ようやく街が眠りに就く頃、ロコウの一日が始まる。
材料の下処理、メニューの仕込み、更には野菜や肉の仕入れ。やるべきことは山積みで、仕事は増えることはあっても減ることは無い。
それに。
「ロコウ」
思わぬ来客の訪問すらある。
灰色の男、グレイ。
店の雨戸を外していたロコウの背後から、彼が声を掛ける。
「今日は普段より早いな」
夜明け前の一番濃い闇。背後に視線を遣るように、横目で睨み付けるロコウ。
「先に中に入っていてくれ」
開店準備の手を止めぬまま、ロコウはそう呟いた。
店内は静かだった。
鍋の煮える音、薪の爆ぜる音、野菜を刻む音。

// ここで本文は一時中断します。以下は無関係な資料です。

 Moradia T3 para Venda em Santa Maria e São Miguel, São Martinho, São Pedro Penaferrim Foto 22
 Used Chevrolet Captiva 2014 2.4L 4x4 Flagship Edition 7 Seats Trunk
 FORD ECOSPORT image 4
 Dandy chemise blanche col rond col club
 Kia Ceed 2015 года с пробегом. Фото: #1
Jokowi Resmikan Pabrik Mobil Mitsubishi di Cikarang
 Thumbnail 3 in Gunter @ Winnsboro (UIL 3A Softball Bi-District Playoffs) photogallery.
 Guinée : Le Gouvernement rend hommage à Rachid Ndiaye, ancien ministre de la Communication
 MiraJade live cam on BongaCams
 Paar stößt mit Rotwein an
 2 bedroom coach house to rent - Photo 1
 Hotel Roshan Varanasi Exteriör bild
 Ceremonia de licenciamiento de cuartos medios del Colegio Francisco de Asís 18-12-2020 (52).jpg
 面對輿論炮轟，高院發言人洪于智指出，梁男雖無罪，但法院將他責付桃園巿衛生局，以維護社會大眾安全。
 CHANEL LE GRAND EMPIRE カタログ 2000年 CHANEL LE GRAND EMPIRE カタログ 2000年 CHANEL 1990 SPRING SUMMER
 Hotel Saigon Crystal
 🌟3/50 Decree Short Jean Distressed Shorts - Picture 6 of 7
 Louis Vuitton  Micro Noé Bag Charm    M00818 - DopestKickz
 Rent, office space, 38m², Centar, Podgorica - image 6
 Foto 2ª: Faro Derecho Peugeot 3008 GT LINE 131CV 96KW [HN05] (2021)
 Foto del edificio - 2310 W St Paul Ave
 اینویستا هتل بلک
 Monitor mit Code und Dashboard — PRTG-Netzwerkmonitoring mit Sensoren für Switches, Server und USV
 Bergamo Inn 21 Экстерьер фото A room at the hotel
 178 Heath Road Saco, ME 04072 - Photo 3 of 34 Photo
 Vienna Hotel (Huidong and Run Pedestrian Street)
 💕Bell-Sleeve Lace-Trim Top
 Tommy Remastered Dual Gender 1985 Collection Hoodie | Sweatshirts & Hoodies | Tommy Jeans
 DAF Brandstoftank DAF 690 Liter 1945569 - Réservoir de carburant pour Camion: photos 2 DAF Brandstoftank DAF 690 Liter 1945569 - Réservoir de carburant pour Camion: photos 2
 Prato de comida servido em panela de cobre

普段ならばしているはずの音は一切存在していない。
まだ、厨房は眠っているのだ。
「で、何があった」
綿状の火種を釜戸に入れると、擦ったマッチを放り込む。
火種が燃え上がり、細い薪へと熱が伝わっていく。
木が燃える、独特のにおい。
「半年前から今日まで、この街に滞在し続けているAランク冒険者の数は?」
カウンターに金貨を一枚置くグレイ。
ロコウの問いには答えない。
「五十八人、だな」
金貨を指先で引き寄せると、ロコウはそれをエプロンのポケットに仕舞う。
洗い場の桶に張られた水が、微かに揺れる。
「その中で、俺より頭一つ分以上背が高い者は?」
細い薪から太い薪へと、火が燃え移っていく。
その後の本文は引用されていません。